[Crawled caption data]
··········
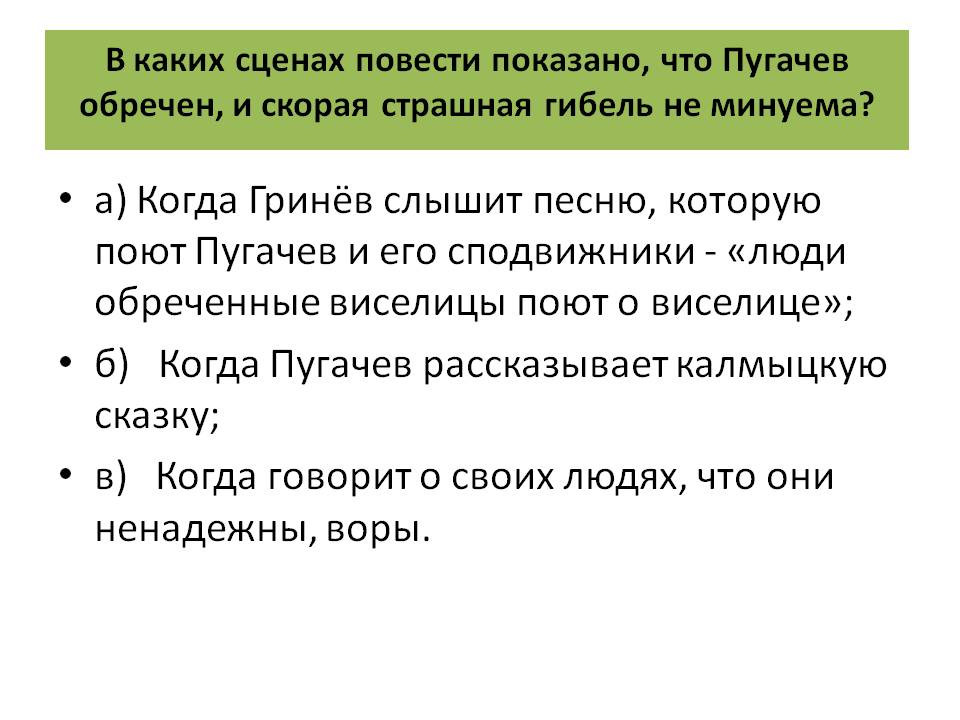 В каких сценах повести показано, что Пугачев обречен, и скорая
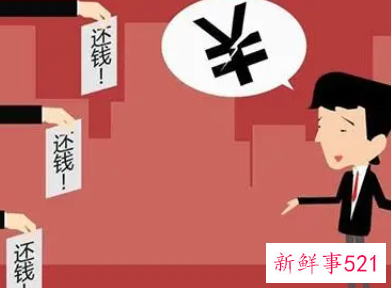 人死了有转账记录能要回钱么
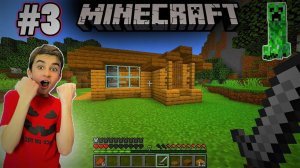 ДОМ ГОТОВ! ВЫЖИВАНИЕ В MINECRAFT #3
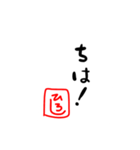 ひろしの挨拶文スタンプです（個別スタンプ：2）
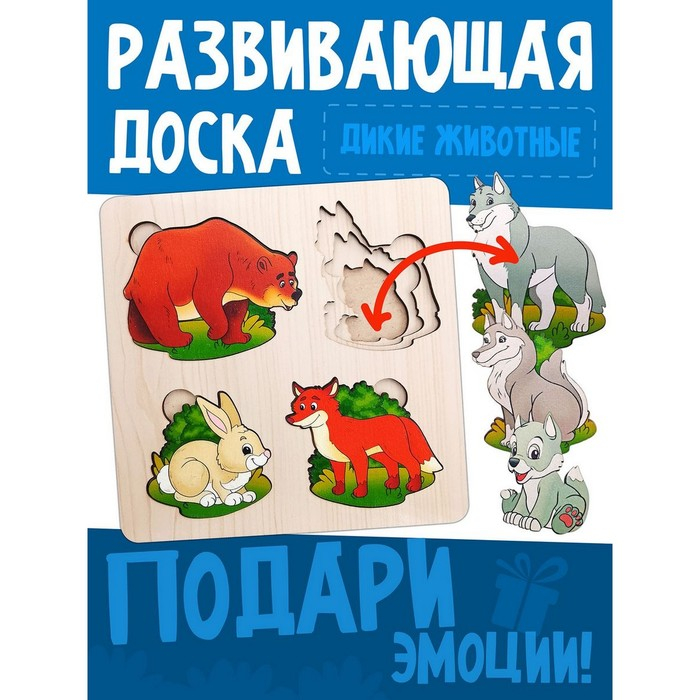 Больше-меньше «Дикие животные» Больше-меньше «Дикие животные»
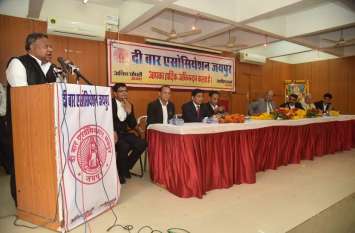 Welcome to Chief Justice, farewell to Justice Rafiq मुख्य न्यायाधीश का स्वागत, जस्टिस रफीक को विदाई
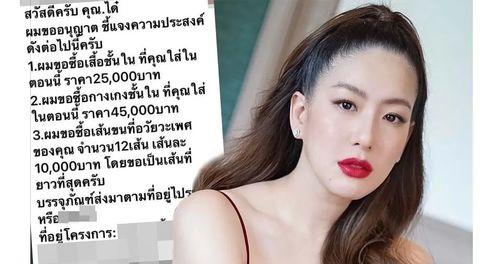 蜂蜜女星最新爆料,揭秘明星真实生活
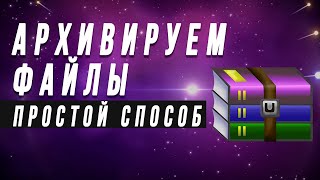 Как заархивировать папку с файлами в RAR или ZIP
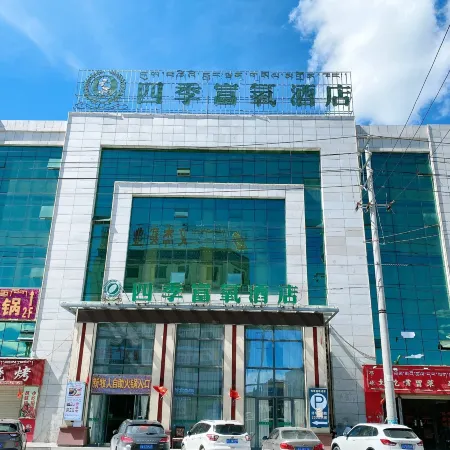 Naqu Four Seasons Oxygen Enrichment Hotel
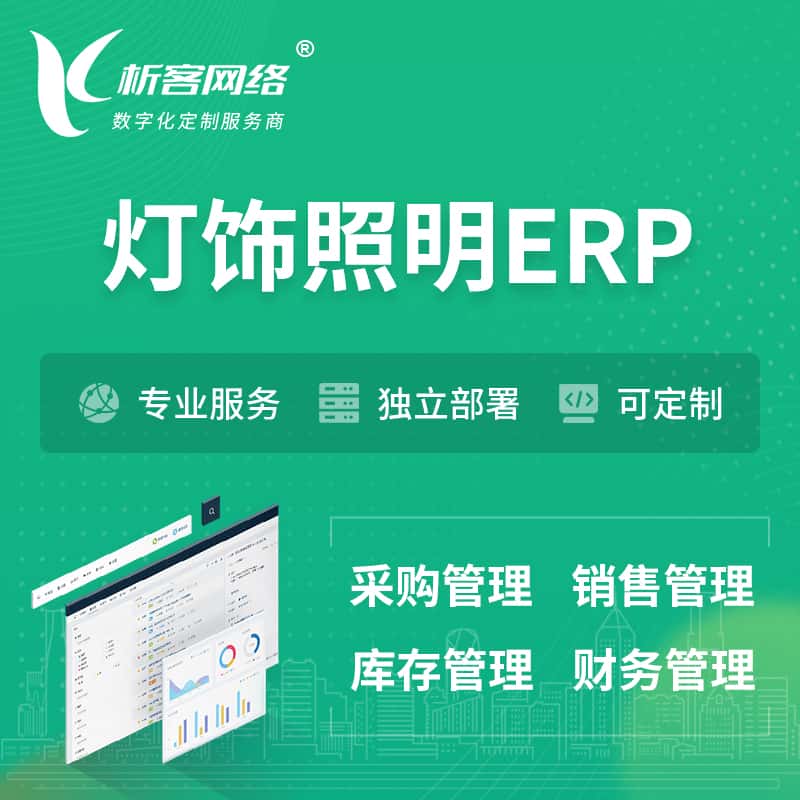 漳州灯饰照明ERP软件生产MES车间管理系统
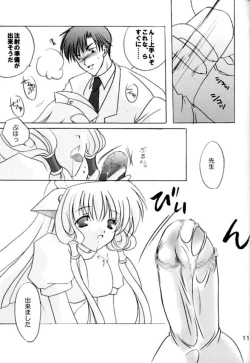 Page 10 of Chiibits 2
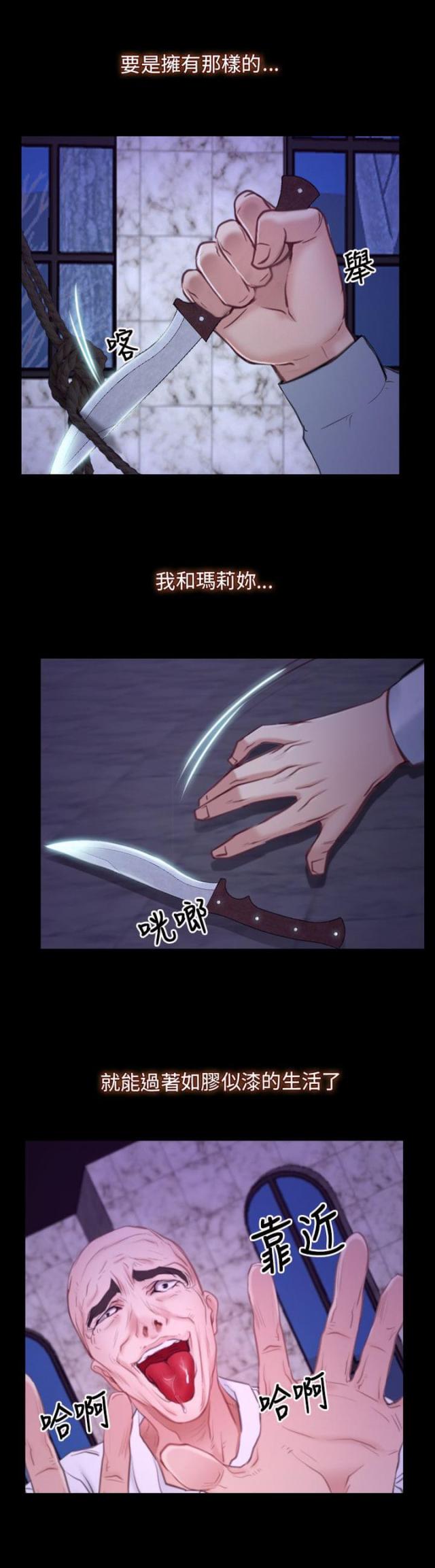 第37话10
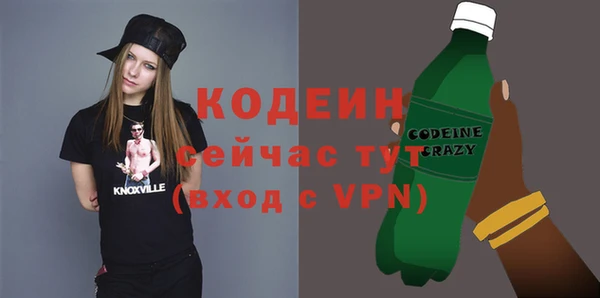 не бодяженный Зеленокумск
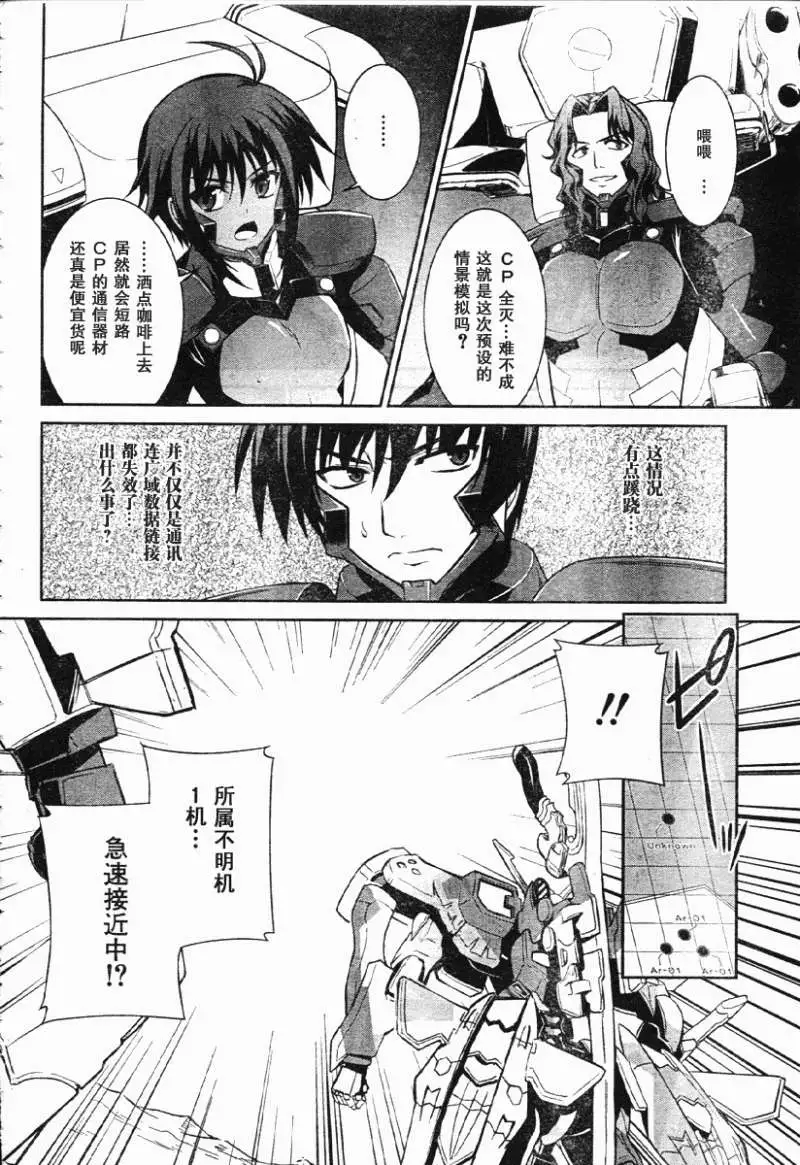 MUV-LUV #13 page 6 full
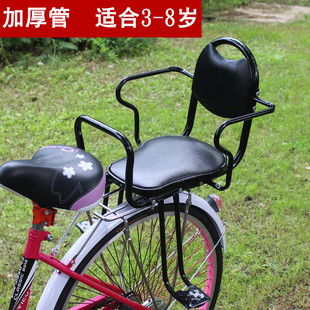 电动自行车儿童座椅后置小孩，学生宝宝安全后坐加厚加宽棉雨棚防风
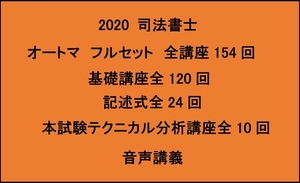 2020 司法書士 オートマ システム全154回 オートマ フルセット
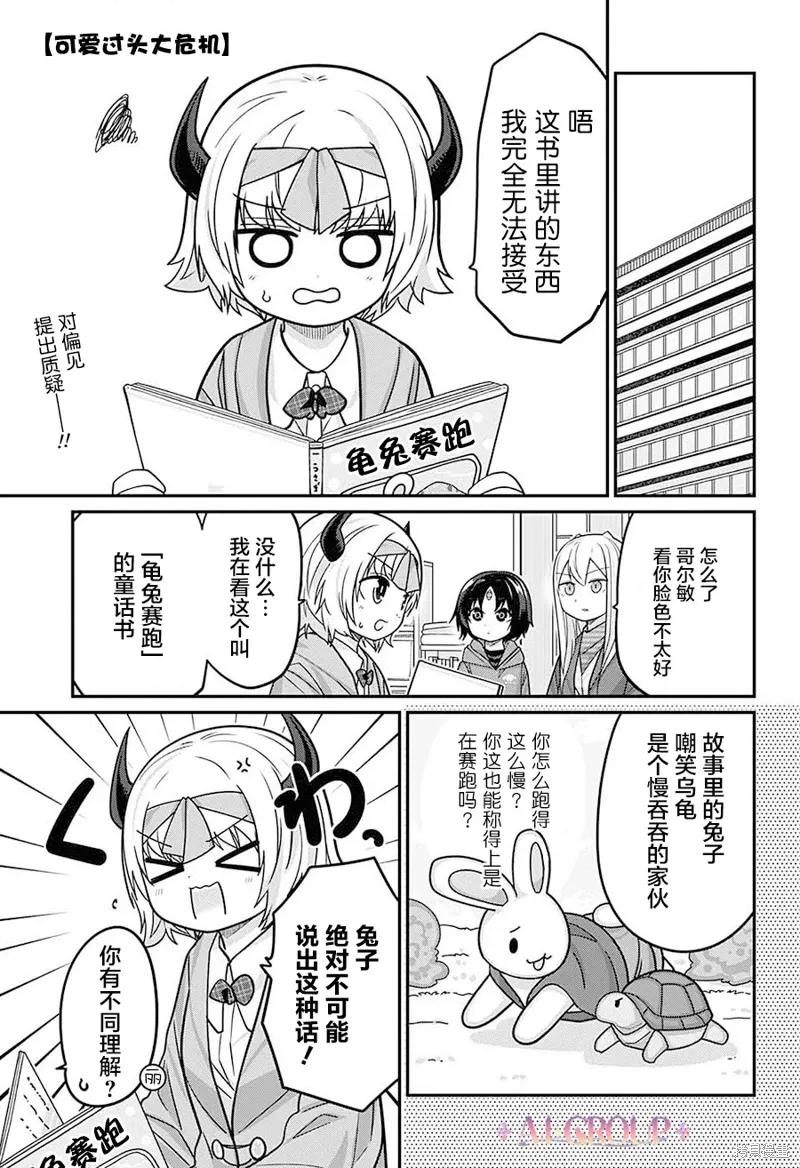 第101话 第1页
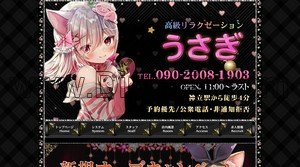 神立駅近くのメンズエステ店舗（うさぎ） | DINOエステ（ディノエステ）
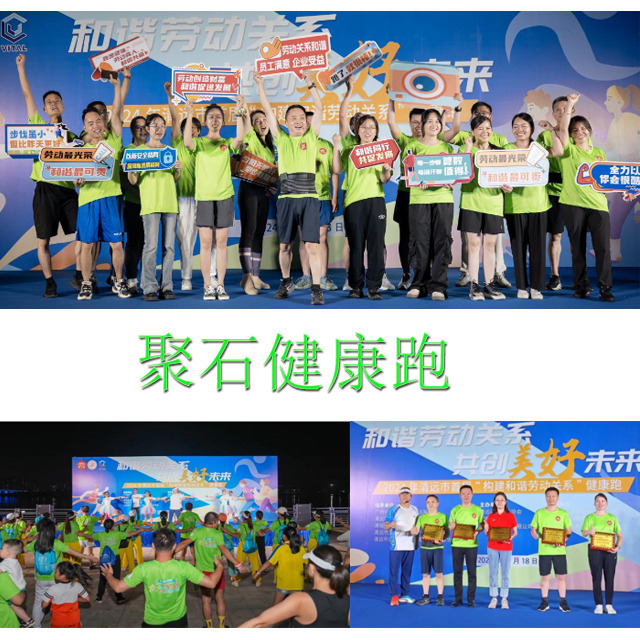 918博天堂(中国)官方网站跑团闪耀清远市首届“和谐劳动关系”健康跑活动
··········
Instructions to follow: Write out the entries word for word. Skip the pictures.

Exercise solution:
 В каких сценах повести показано, что Пугачев обречен, и скорая
 人死了有转账记录能要回钱么
 ДОМ ГОТОВ! ВЫЖИВАНИЕ В MINECRAFT #3
 ひろしの挨拶文スタンプです（個別スタンプ：2）
 Больше-меньше «Дикие животные» Больше-меньше «Дикие животные»
 Welcome to Chief Justice, farewell to Justice Rafiq मुख्य न्यायाधीश का स्वागत, जस्टिस रफीक को विदाई
 蜂蜜女星最新爆料,揭秘明星真实生活
 Как заархивировать папку с файлами в RAR или ZIP
 Naqu Four Seasons Oxygen Enrichment Hotel
 漳州灯饰照明ERP软件生产MES车间管理系统
 Page 10 of Chiibits 2
 第37话10
 не бодяженный Зеленокумск
 MUV-LUV #13 page 6 full
 电动自行车儿童座椅后置小孩，学生宝宝安全后坐加厚加宽棉雨棚防风
 2020 司法書士 オートマ システム全154回 オートマ フルセット
 第101话 第1页
 神立駅近くのメンズエステ店舗（うさぎ） | DINOエステ（ディノエステ）
 918博天堂(中国)官方网站跑团闪耀清远市首届“和谐劳动关系”健康跑活动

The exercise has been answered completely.